▶ [TASK BRIEF]: Could you print, exactly and without pictures, only the lines from the one with "Photo of free" through the end of the records below?

▶ [DATA UNDER STUDY]:
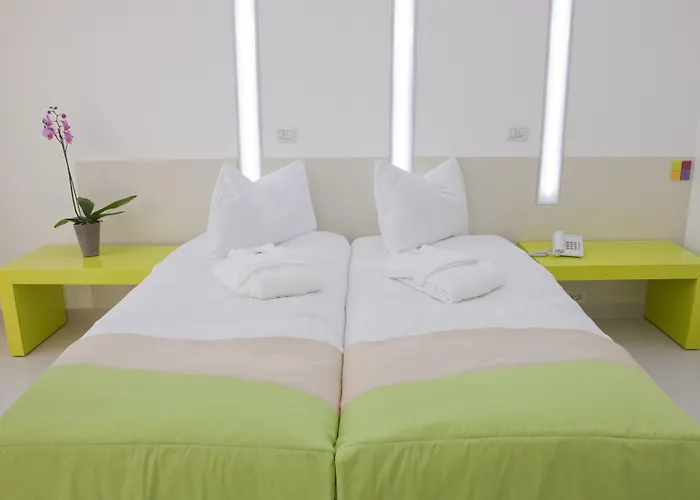 Romantic hotel: Christina Hotel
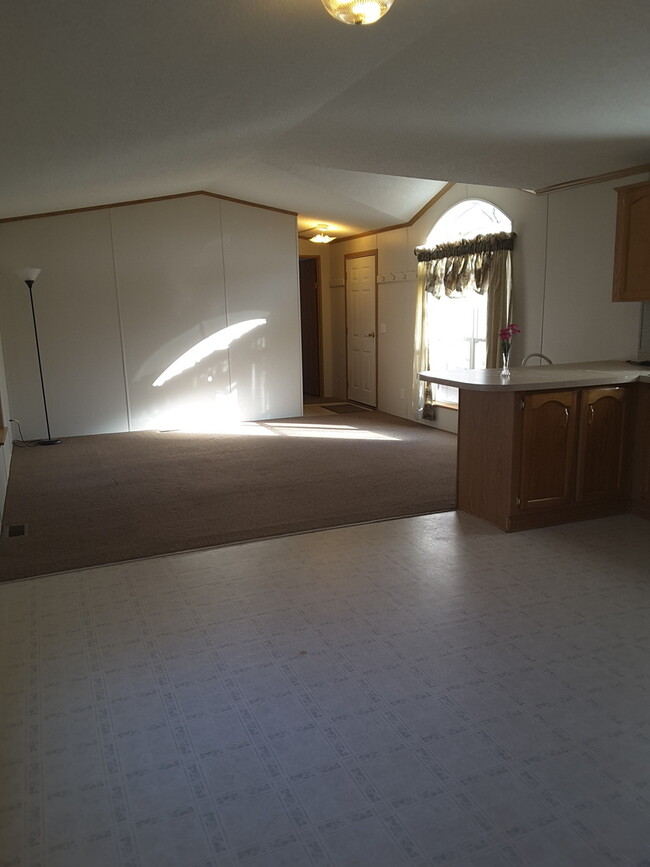 Building Photo - 2 Bedroom 2 Bath Single Wide Mobile Home i...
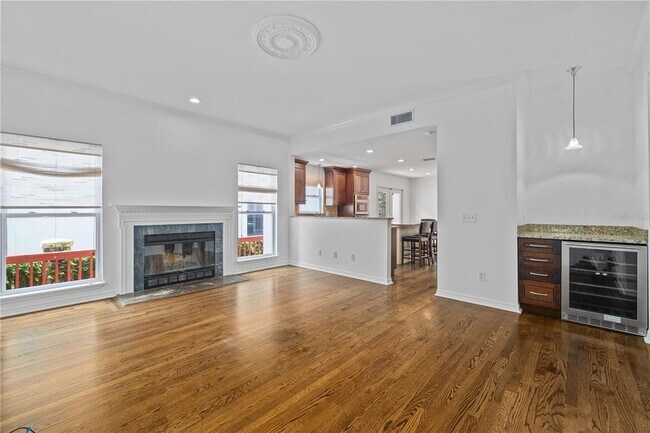 Building Photo - 2709 W Bay Ave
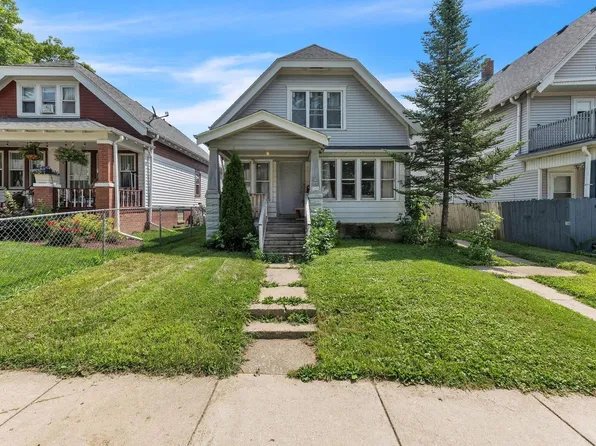 2506 South 14th STREET, Milwaukee, WI 53215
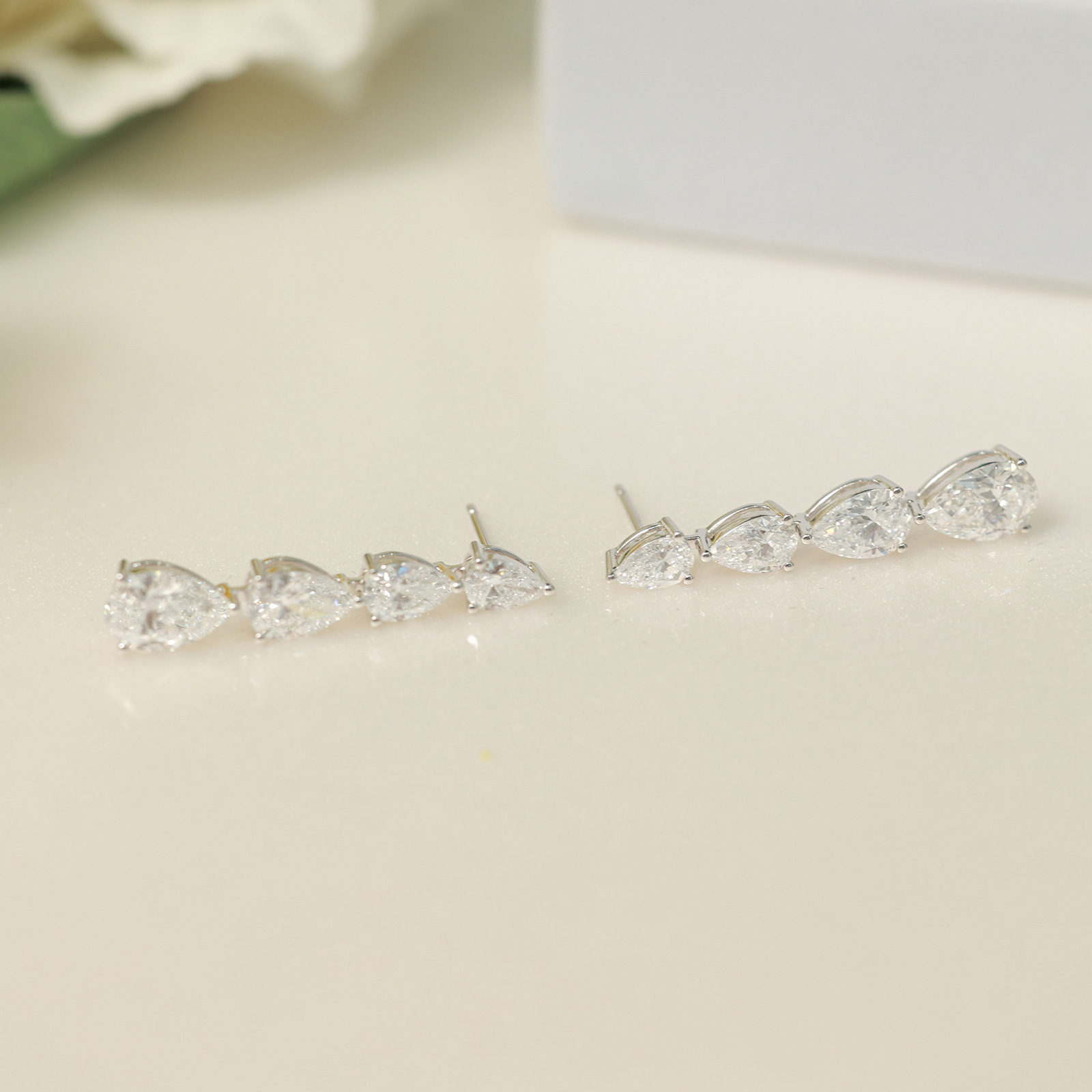 LMEW0001  IGI Certificated Elegant Pear Cut Lab Grown Diamond Drop Earring (6.7 ct. tw.) 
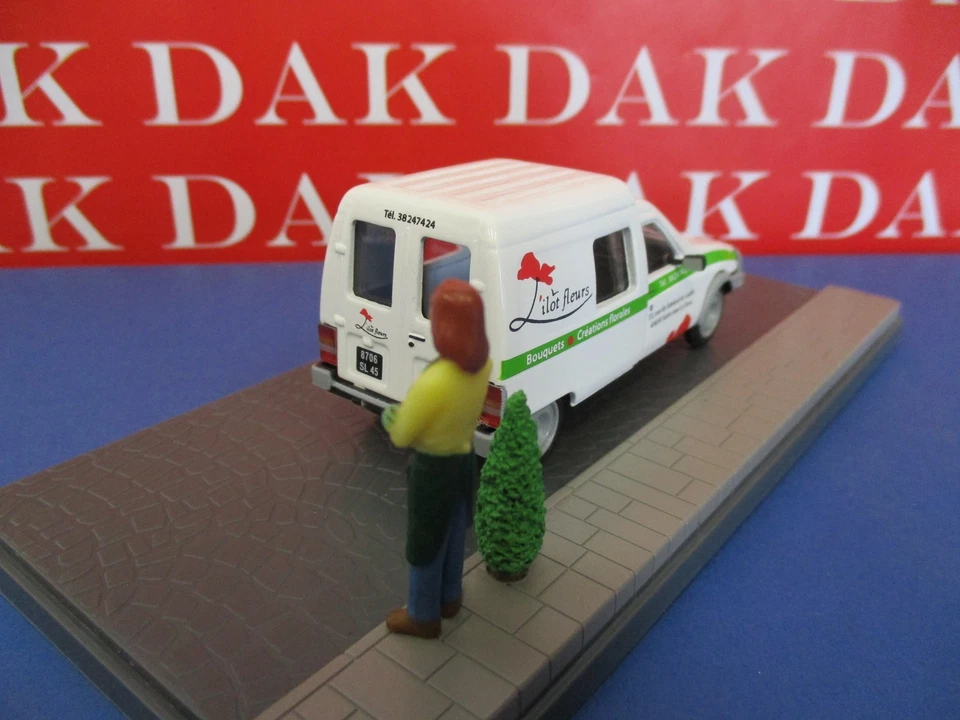 Die cast 1/43 Modellino Auto Citroen C15 fiorista by Atlas - Immagine 3 di 4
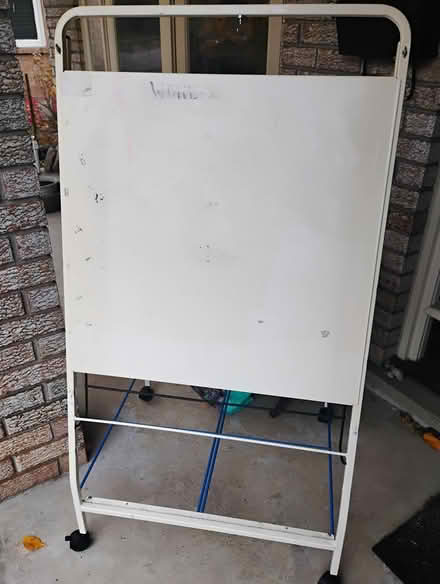 Photo of free Portable whiteboard easel, Westvale (Westvale, Waterloo) #1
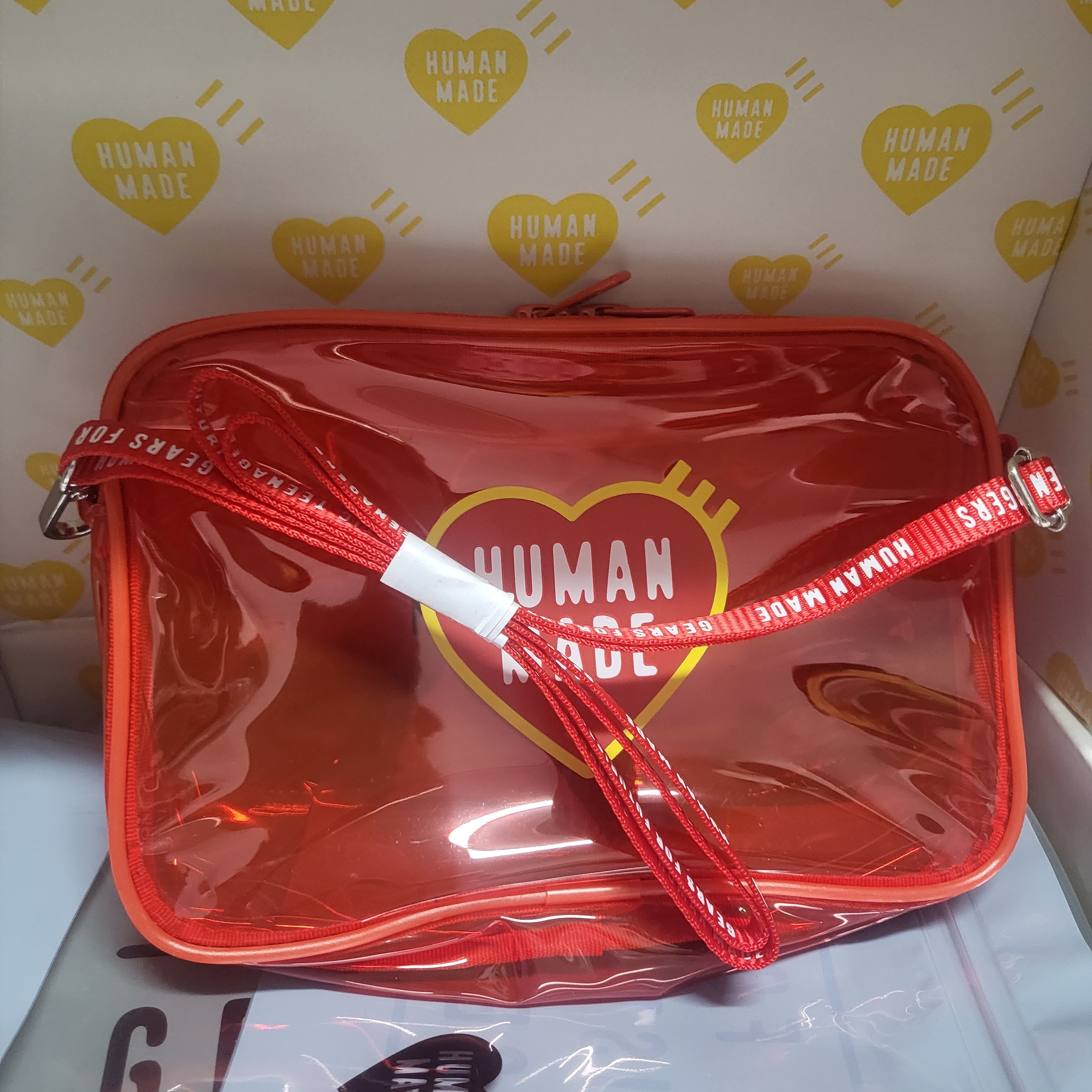Human Made PVC Pouch Medium Red 착용 스타일 - 1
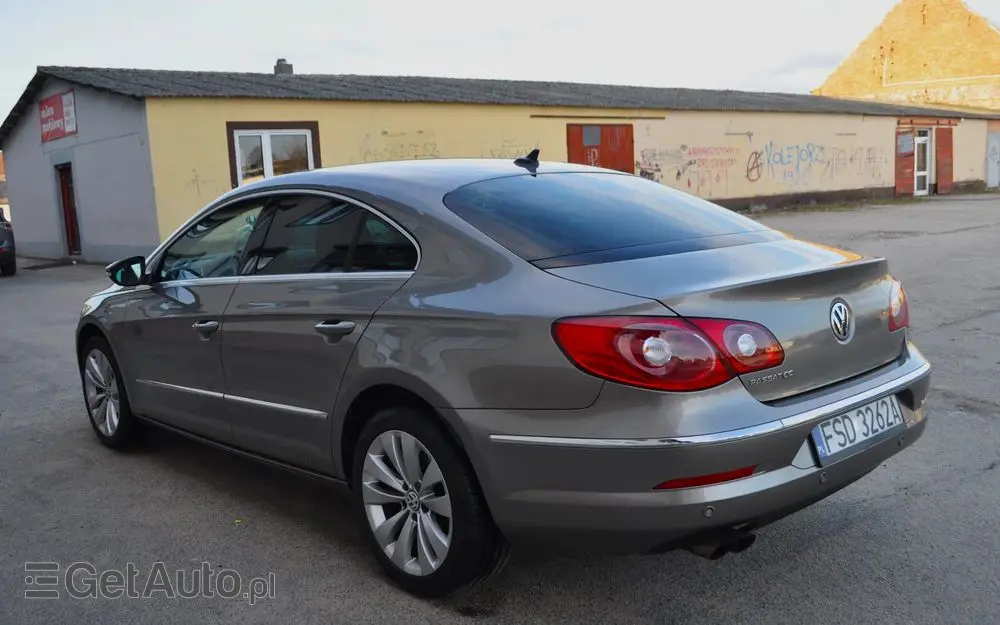 VOLKSWAGEN Passat CC 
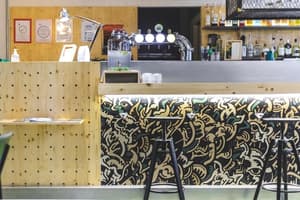 thumbnail: Bar (on property)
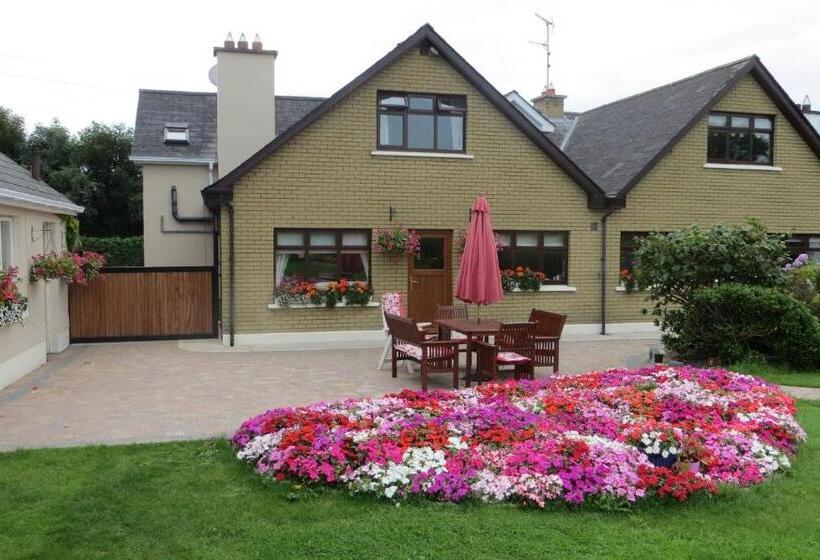 مبيت وإفطار Heritage Accommodation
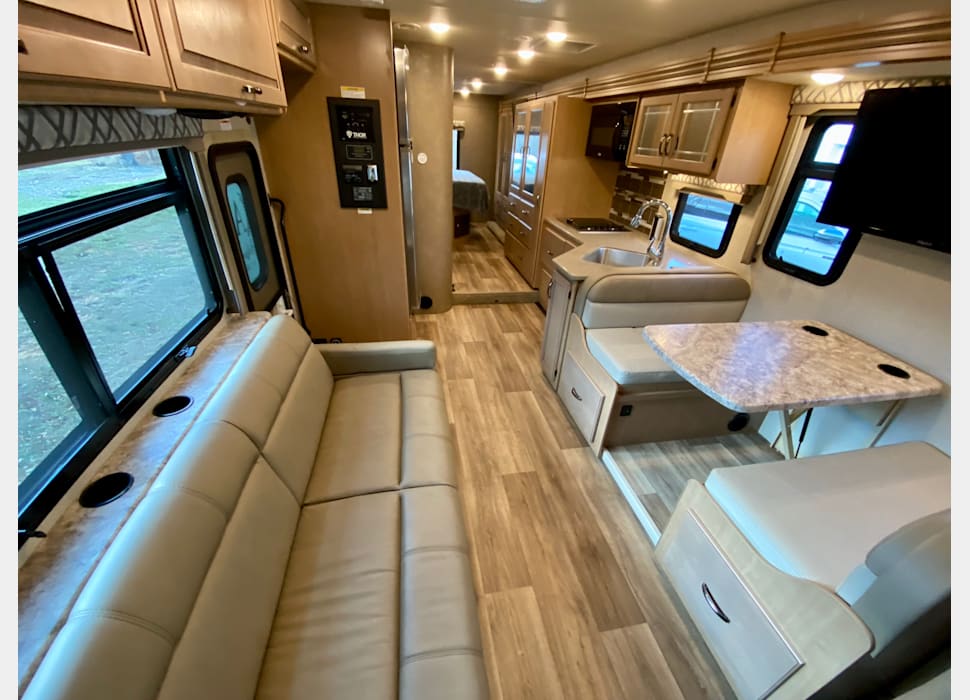 Class C Motor Home rentals in Falls Church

▶ [WRITTEN ANSWER]:
 Photo of free Portable whiteboard easel, Westvale (Westvale, Waterloo) #1
Human Made PVC Pouch Medium Red 착용 스타일 - 1
 VOLKSWAGEN Passat CC 
 thumbnail: Bar (on property)
 مبيت وإفطار Heritage Accommodation
 Class C Motor Home rentals in Falls Church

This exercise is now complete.